- [Task requirements]: Below are some records; quote exactly the lines from the one that contains "Material witness cover image" through the one that contains "Dolce Gusto MOVENZA", inclusive, and no others.
*** Given data ***
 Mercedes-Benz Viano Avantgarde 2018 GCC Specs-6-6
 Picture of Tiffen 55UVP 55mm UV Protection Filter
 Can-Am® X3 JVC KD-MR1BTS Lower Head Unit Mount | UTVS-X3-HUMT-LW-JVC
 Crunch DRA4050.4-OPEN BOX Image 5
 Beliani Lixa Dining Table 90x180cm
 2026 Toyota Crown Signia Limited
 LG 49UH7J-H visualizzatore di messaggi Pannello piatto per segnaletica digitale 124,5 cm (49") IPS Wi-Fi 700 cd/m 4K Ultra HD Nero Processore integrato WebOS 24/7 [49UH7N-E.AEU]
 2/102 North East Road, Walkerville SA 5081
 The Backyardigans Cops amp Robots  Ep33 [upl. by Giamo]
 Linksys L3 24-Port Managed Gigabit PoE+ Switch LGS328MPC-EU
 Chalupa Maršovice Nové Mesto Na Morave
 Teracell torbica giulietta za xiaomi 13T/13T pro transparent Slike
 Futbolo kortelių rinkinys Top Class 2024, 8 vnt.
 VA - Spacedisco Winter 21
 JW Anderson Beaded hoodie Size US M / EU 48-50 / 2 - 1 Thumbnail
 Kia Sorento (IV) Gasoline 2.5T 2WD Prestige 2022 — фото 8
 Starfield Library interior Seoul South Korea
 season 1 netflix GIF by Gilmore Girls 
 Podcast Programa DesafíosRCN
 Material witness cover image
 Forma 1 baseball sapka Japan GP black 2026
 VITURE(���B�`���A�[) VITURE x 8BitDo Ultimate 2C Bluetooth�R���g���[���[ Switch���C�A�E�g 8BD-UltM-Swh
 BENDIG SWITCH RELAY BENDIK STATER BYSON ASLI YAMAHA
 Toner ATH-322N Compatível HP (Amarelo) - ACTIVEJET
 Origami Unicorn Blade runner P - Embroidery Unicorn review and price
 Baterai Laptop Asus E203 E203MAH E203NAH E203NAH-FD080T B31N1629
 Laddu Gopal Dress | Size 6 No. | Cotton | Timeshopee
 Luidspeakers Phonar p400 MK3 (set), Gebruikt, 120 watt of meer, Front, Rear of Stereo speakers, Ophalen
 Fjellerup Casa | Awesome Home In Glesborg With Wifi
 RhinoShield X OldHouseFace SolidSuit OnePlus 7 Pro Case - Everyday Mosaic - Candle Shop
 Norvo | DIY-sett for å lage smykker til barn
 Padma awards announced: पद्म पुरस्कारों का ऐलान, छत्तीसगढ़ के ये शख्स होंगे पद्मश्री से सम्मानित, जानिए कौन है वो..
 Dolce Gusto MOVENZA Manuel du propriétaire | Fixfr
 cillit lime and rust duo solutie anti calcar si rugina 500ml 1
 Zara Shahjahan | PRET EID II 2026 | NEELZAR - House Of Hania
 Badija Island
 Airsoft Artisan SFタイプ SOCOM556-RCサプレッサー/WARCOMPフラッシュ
***
- [Written response]:
 Material witness cover image
 Forma 1 baseball sapka Japan GP black 2026
 VITURE(���B�`���A�[) VITURE x 8BitDo Ultimate 2C Bluetooth�R���g���[���[ Switch���C�A�E�g 8BD-UltM-Swh
 BENDIG SWITCH RELAY BENDIK STATER BYSON ASLI YAMAHA
 Toner ATH-322N Compatível HP (Amarelo) - ACTIVEJET
 Origami Unicorn Blade runner P - Embroidery Unicorn review and price
 Baterai Laptop Asus E203 E203MAH E203NAH E203NAH-FD080T B31N1629
 Laddu Gopal Dress | Size 6 No. | Cotton | Timeshopee
 Luidspeakers Phonar p400 MK3 (set), Gebruikt, 120 watt of meer, Front, Rear of Stereo speakers, Ophalen
 Fjellerup Casa | Awesome Home In Glesborg With Wifi
 RhinoShield X OldHouseFace SolidSuit OnePlus 7 Pro Case - Everyday Mosaic - Candle Shop
 Norvo | DIY-sett for å lage smykker til barn
 Padma awards announced: पद्म पुरस्कारों का ऐलान, छत्तीसगढ़ के ये शख्स होंगे पद्मश्री से सम्मानित, जानिए कौन है वो..
 Dolce Gusto MOVENZA Manuel du propriétaire | Fixfr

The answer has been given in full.